### [What you should do]
In the entries below, find the line with "Stop the Landfill in the Masyoun" and the line with "Bresser Digitala Mörkerkikare"; give again those lines and every line between them, exactly.

### [Data for processing]
——————

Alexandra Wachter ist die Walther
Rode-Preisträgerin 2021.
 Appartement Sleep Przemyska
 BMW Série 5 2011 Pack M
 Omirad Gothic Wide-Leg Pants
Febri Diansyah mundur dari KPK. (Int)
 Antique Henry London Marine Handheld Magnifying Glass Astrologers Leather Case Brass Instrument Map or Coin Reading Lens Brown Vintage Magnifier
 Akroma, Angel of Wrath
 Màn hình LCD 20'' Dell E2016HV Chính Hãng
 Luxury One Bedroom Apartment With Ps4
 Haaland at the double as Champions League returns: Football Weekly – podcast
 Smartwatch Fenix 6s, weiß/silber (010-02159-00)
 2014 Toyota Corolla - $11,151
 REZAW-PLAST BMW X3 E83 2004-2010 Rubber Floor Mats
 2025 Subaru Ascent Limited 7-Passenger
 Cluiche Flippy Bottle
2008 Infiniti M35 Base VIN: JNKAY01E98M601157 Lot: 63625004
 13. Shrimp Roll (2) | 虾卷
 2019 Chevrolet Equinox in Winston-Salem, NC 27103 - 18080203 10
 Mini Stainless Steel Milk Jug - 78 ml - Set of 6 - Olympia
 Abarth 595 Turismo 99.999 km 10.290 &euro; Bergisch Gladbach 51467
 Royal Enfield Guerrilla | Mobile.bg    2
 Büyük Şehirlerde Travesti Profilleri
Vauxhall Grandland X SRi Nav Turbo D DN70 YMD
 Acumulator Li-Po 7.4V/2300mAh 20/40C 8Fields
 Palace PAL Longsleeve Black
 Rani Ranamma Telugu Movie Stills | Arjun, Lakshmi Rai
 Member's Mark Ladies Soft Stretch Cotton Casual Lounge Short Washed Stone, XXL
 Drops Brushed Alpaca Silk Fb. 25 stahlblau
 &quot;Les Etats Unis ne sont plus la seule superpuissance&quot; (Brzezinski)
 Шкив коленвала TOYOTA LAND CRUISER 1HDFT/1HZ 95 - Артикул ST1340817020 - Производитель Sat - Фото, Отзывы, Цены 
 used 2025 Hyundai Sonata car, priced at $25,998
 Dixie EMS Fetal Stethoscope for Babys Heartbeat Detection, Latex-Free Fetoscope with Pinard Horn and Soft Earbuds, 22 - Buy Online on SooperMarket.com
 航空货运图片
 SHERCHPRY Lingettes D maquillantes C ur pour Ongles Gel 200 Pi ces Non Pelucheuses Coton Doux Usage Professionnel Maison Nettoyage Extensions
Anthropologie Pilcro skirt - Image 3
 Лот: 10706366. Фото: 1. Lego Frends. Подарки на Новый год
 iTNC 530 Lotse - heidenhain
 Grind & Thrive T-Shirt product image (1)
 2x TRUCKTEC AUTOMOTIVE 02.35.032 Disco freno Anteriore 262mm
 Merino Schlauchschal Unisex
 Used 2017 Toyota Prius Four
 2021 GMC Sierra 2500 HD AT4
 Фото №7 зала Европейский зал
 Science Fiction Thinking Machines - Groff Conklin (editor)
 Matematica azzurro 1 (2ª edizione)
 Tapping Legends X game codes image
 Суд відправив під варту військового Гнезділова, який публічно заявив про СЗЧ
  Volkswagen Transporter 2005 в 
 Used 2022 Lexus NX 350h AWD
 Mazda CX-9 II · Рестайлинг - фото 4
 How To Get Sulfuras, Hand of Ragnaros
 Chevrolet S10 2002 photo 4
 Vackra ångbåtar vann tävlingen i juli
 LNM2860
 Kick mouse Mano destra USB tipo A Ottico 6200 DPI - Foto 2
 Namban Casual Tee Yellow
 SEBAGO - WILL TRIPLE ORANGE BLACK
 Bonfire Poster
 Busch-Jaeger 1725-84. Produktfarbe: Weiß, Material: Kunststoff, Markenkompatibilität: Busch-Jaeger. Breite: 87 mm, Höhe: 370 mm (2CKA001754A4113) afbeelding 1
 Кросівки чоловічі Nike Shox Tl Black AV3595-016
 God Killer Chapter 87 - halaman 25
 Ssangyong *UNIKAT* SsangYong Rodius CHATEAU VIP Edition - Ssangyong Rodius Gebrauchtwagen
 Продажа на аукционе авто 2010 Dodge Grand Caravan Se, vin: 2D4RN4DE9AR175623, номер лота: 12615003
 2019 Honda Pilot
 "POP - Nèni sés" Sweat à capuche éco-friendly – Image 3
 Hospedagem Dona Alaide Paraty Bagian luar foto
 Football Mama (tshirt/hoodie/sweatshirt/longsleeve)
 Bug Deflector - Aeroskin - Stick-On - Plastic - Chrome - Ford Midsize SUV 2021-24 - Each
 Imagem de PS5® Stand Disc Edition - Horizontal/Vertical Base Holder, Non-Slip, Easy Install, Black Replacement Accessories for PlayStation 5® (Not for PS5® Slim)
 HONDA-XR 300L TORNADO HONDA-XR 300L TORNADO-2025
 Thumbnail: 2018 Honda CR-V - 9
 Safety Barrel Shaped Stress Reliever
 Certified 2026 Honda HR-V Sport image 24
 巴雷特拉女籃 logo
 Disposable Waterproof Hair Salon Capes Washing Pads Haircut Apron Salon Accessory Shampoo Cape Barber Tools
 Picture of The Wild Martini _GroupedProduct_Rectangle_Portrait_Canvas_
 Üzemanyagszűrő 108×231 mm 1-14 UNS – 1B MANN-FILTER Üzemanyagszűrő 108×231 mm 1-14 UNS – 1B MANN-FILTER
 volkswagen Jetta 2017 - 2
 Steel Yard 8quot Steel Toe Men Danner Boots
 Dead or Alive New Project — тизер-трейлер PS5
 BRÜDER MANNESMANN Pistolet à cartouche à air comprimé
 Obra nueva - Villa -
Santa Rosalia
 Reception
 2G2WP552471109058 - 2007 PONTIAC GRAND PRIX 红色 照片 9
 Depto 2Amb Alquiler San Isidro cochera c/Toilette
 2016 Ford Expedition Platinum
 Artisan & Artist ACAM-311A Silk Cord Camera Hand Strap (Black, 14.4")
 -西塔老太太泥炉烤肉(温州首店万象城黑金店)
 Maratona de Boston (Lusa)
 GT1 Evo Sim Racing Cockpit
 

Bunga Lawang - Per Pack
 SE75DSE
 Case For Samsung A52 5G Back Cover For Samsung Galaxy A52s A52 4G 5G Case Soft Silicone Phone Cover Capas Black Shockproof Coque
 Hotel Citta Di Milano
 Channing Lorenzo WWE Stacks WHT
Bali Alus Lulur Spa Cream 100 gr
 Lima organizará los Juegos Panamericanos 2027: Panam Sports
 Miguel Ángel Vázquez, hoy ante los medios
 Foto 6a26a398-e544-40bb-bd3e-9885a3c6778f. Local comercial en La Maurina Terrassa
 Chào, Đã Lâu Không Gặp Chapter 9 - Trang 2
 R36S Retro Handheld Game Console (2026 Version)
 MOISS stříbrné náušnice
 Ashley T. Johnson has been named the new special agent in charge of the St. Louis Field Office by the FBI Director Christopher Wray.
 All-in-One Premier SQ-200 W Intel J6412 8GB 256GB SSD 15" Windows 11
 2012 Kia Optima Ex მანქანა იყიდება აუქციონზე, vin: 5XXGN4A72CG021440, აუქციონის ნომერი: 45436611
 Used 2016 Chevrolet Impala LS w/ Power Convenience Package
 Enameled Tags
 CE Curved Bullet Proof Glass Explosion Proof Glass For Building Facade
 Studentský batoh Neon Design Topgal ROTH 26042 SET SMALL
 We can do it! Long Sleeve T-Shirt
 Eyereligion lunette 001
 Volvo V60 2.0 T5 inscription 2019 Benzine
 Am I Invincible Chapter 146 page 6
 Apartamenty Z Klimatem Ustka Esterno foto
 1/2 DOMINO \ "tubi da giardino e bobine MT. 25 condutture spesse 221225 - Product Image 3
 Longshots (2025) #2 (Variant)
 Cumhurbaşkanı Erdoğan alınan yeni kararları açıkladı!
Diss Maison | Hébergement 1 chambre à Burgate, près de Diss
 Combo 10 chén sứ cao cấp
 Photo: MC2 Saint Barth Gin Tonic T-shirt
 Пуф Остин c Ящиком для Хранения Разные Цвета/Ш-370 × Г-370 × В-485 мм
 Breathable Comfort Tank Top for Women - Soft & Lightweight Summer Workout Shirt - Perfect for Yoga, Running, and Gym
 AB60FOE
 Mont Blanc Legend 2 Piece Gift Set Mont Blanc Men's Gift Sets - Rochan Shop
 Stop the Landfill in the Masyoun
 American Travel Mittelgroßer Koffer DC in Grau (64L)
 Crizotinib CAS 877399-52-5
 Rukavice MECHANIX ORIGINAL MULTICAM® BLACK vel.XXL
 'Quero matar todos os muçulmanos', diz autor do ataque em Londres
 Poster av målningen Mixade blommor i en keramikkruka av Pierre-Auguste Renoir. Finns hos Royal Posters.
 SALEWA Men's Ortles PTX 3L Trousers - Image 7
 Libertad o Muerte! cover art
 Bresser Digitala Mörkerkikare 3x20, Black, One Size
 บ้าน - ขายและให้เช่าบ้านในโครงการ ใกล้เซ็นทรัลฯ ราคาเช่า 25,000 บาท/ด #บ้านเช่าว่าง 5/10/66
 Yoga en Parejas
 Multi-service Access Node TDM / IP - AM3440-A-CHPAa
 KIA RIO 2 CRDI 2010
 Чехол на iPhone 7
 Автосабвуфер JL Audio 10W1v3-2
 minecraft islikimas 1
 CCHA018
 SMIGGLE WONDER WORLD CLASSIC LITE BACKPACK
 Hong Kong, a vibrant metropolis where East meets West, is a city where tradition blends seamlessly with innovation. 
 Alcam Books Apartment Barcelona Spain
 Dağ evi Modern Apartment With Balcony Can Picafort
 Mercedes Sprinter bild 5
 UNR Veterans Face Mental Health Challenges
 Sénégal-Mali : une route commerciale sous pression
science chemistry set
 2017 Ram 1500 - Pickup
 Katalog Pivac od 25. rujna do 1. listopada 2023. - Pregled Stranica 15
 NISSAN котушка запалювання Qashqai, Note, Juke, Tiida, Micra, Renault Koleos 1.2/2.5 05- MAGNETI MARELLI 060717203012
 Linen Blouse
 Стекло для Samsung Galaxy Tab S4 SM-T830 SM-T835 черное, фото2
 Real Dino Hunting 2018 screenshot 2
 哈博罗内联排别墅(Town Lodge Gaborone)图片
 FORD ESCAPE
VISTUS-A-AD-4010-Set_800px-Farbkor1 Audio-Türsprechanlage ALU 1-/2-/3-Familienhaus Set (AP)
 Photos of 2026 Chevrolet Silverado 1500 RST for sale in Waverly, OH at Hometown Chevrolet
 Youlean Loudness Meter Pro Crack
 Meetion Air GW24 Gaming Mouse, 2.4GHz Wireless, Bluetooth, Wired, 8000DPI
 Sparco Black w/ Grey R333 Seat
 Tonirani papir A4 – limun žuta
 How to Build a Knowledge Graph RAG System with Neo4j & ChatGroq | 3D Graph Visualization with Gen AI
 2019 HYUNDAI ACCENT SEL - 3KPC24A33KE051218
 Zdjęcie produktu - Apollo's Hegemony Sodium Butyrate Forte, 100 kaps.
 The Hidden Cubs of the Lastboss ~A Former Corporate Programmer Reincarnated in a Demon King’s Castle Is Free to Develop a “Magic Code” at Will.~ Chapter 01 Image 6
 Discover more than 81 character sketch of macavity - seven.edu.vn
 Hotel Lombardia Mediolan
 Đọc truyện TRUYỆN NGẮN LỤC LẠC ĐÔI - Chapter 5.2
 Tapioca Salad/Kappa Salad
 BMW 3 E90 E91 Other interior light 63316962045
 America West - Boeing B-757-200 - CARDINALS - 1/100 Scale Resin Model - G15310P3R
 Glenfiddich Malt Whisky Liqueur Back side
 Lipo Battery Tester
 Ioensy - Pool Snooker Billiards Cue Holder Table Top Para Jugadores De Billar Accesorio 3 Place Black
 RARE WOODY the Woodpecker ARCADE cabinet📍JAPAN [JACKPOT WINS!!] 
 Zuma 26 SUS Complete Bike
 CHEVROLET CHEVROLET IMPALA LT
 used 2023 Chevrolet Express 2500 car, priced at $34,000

——————

### [Result]
 Stop the Landfill in the Masyoun
 American Travel Mittelgroßer Koffer DC in Grau (64L)
 Crizotinib CAS 877399-52-5
 Rukavice MECHANIX ORIGINAL MULTICAM® BLACK vel.XXL
 'Quero matar todos os muçulmanos', diz autor do ataque em Londres
 Poster av målningen Mixade blommor i en keramikkruka av Pierre-Auguste Renoir. Finns hos Royal Posters.
 SALEWA Men's Ortles PTX 3L Trousers - Image 7
 Libertad o Muerte! cover art
 Bresser Digitala Mörkerkikare 3x20, Black, One Size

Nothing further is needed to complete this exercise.